MATERIAL FOR THE TASK:
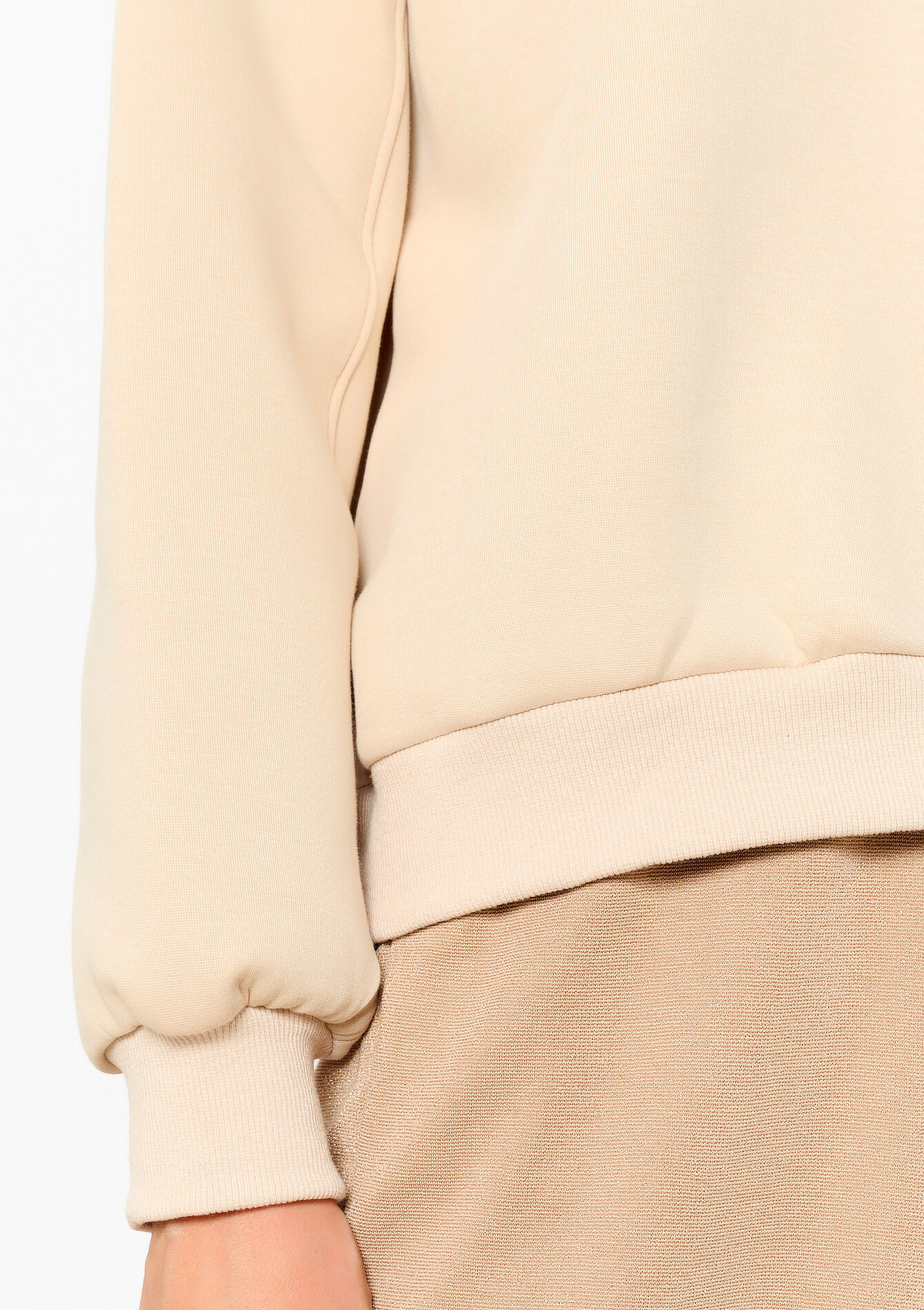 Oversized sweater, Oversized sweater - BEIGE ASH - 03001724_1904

...

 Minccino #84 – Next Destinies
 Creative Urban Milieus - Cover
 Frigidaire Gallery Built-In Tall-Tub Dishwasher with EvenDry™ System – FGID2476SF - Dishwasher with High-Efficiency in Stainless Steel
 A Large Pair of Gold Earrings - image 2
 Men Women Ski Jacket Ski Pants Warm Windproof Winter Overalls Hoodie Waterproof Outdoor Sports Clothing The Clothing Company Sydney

ACTION ITEM: In the entries above, please find the line with "A Large Pair of Gold Earrings - image 2" and the line with "Men Women Ski", then write out exactly those two lines and every line between them, and nothing more.

SOLUTION:
 A Large Pair of Gold Earrings - image 2
 Men Women Ski Jacket Ski Pants Warm Windproof Winter Overalls Hoodie Waterproof Outdoor Sports Clothing The Clothing Company Sydney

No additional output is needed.